I have used more advanced fingerprint test pages, and subtle difference of browser is here.
It’s like
Original TB (one of 609**,6** machines)
TB+i2p+foxyproxy(one of 609**,5** machines)
So there is really change in fingerprinting.

Best way to stay stealth - use 2 instances of Tor Browser.
Original TB
and
TB for I2p - in this case foxyproxy not needed at all.
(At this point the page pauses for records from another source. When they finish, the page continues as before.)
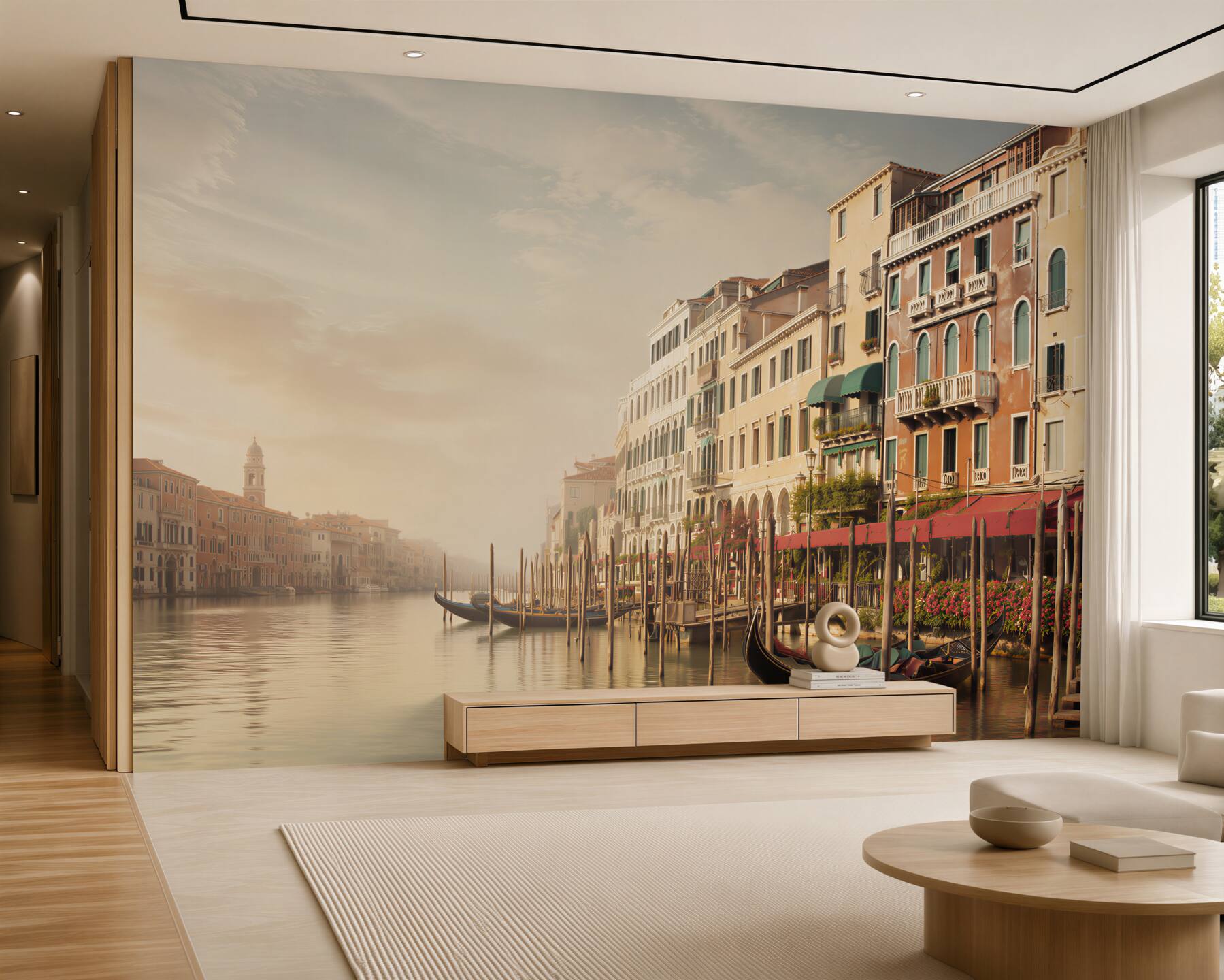 Fototapeten Venedig mit Gondeln am Morgen über dem Kanal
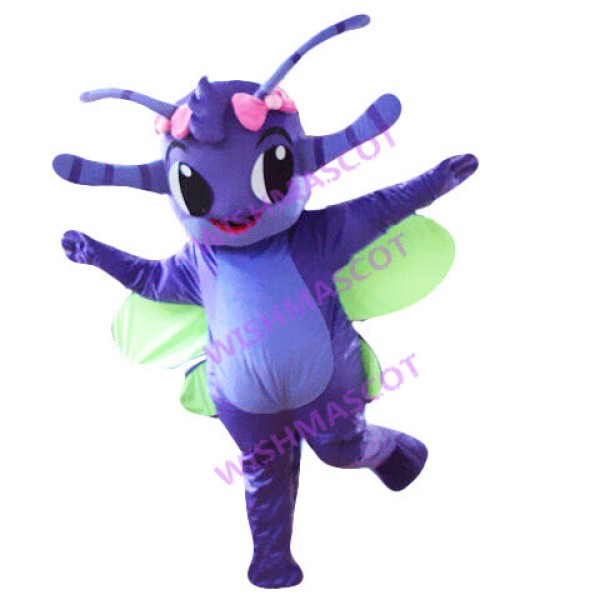 Purple Big Eyes Butterfly Mascot Costume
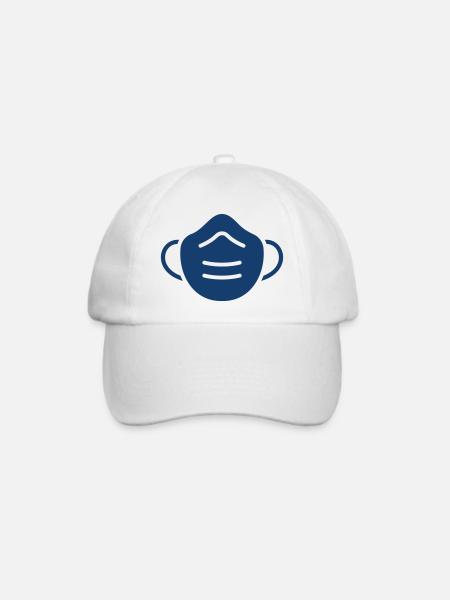 Gesichtsmaske - Baseballkappe - Weiß/Weiß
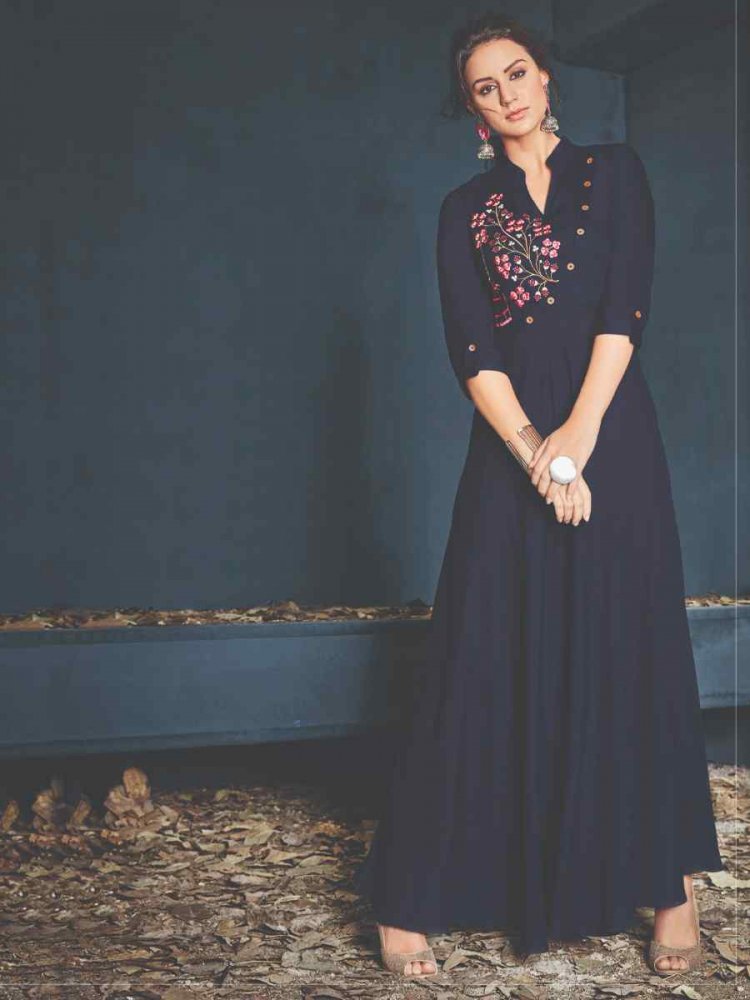 Navy Blue Rayon Embroidered Festival Casual Gown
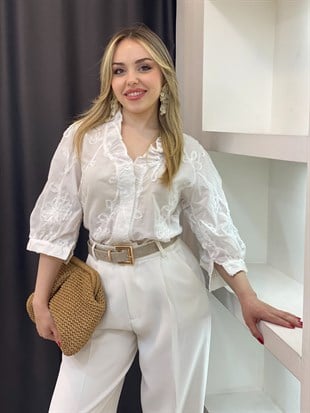 Tasarım Lüx Kalite Beyaz Nakışlı Gömlek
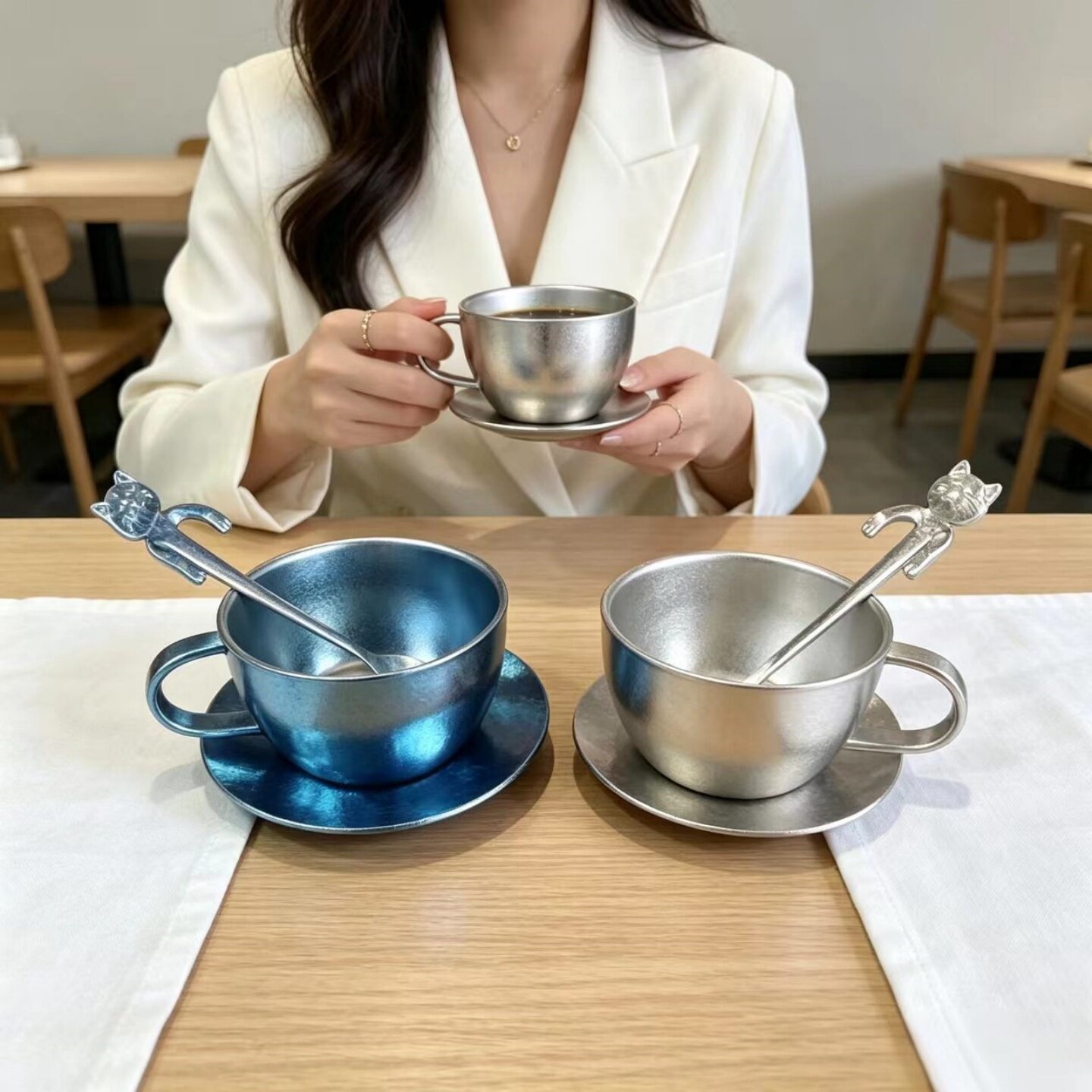 纯钛咖啡杯商务礼品刻字创意牛奶杯套装咖啡店咖啡杯情侣咖啡杯子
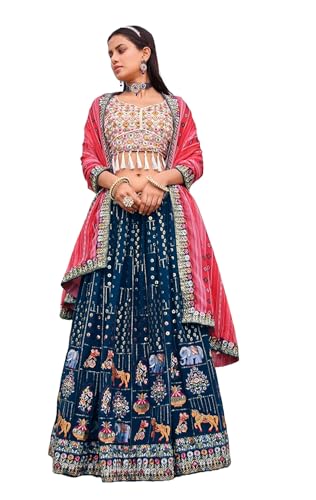 Divine Exim Women's Georgette Semi Stitched Lehenga Choli with Dupatta | Thread and Sequin Embroidery Pattern | Traditional, Wedding, Ethnic Wear Lehenga (Blue)
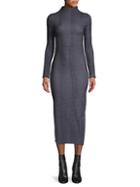 French Connection Textured Highneck Cotton-blend Dress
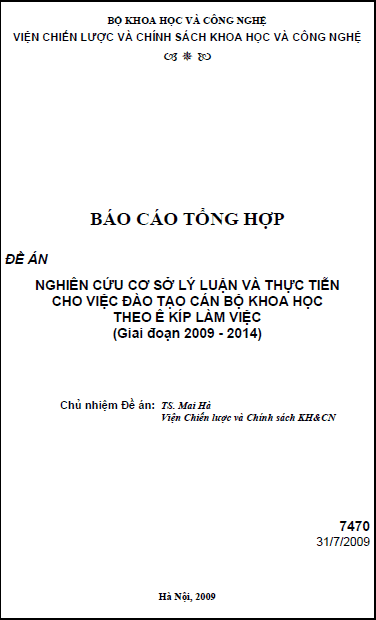 nghien cuu co so ly luan va thuc tien cho viec dao tao can bo khoa hoc theo e kip lam viec giai doan 2009 2014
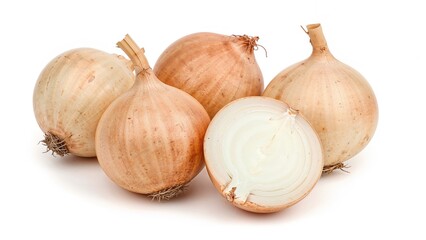 Fototapeta premium Fresh Raw Onions, Both Whole and Halved, Displayed on a White Surface with Clipping Path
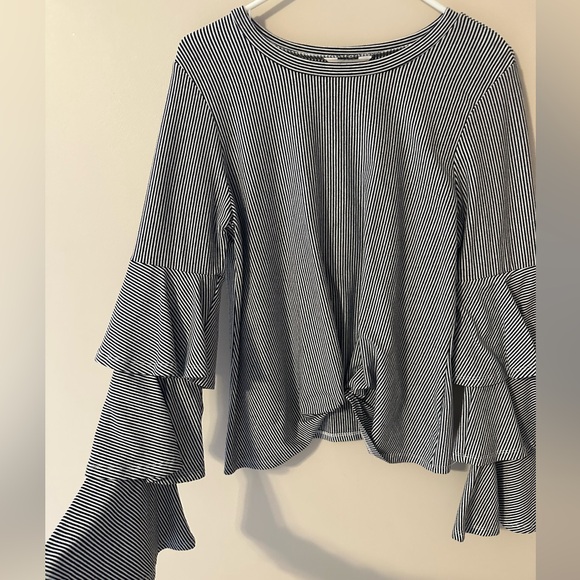 belle sky Tops - Belle Sky Black and White Striped Top with Ruffle Sleeves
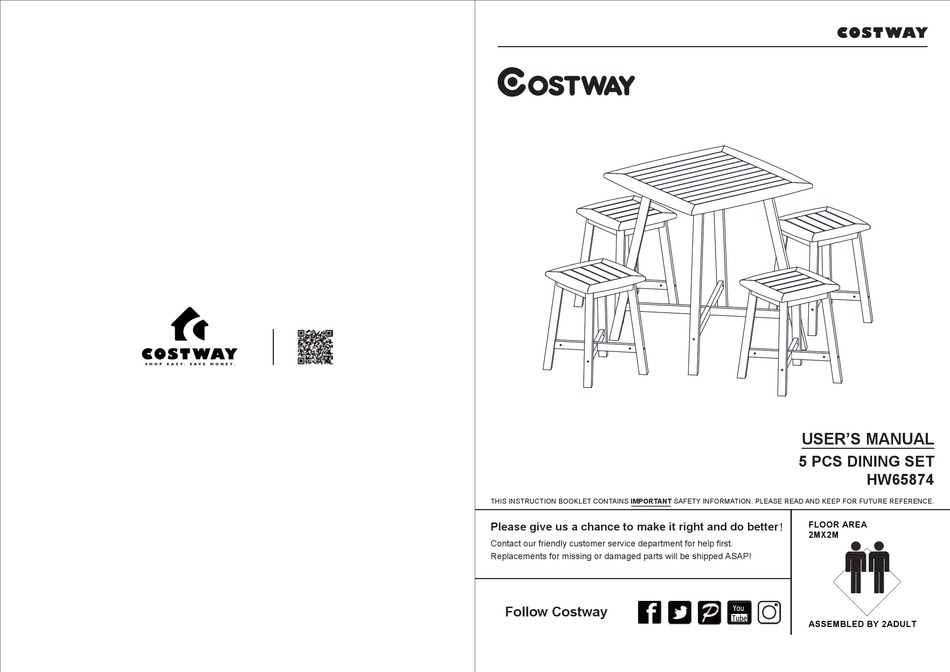 COSTWAY HW65874 USER MANUAL Pdf Download ManualsLib
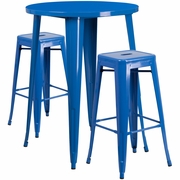 COMMERCIAL GRADE 30" ROUND BLUE METAL INDOOR-OUTDOOR BAR TABLE SET WITH 2 SQUARE SEAT BACKLESS STOOLS <font color=green>FREE SHIPPING!</font>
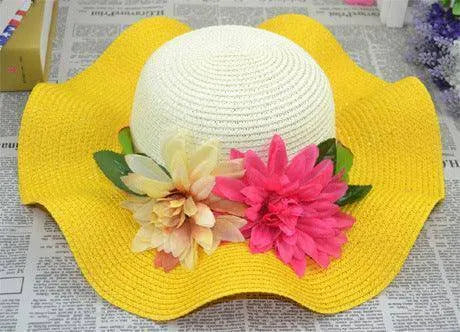 Women's Summer Big Brim Straw Flower Beach Hat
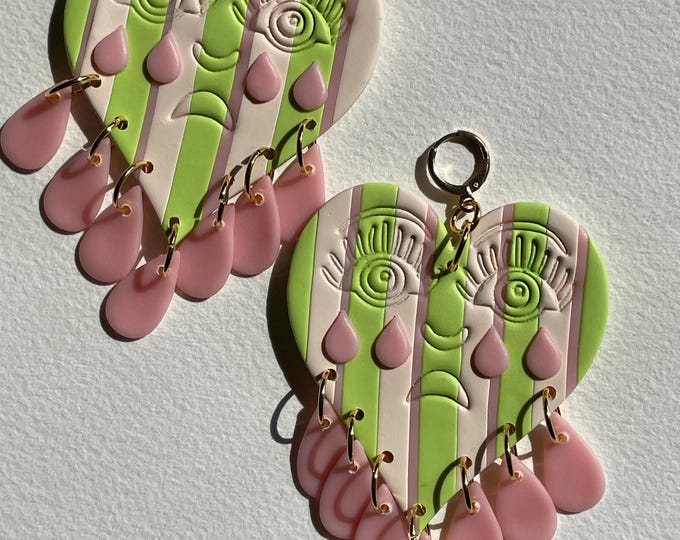 Crying Hearts - Beach Towel Hearts in Green and Cream with a bit of Pink
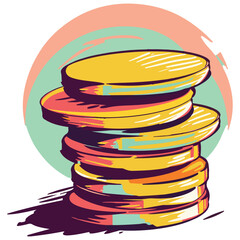 Stylized Stack of Coins with Retro Color Palette Illustration of Finances and Investment for Wealth Growth and Prosperity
What pages did you test with?

I’m an addicted i2p-er with a powerful system and you’ll not get much i2p performance through Whonix. If you insist going this route (TOR 2 i2p) make sure you shorten tunnels to 0 or 1 and increase backup quantity http://127.0.0.1:7657/configtunnels (2 many other details like disable udp etc).

There are 2 solutions.

1. install i2pd which is faster more secure but less features that you love.
2. install Fedora 27 Security Labs and install your i2p here ( as a template and use it for NetVM) some work but doable. FSL is smaller than regular Fedora.
   Do not expect quick gratification or future help from me!

One more very important thing. In MY opinion TB is a piece of junk that I’ve been hacked through the most. I do not open it to often if ever.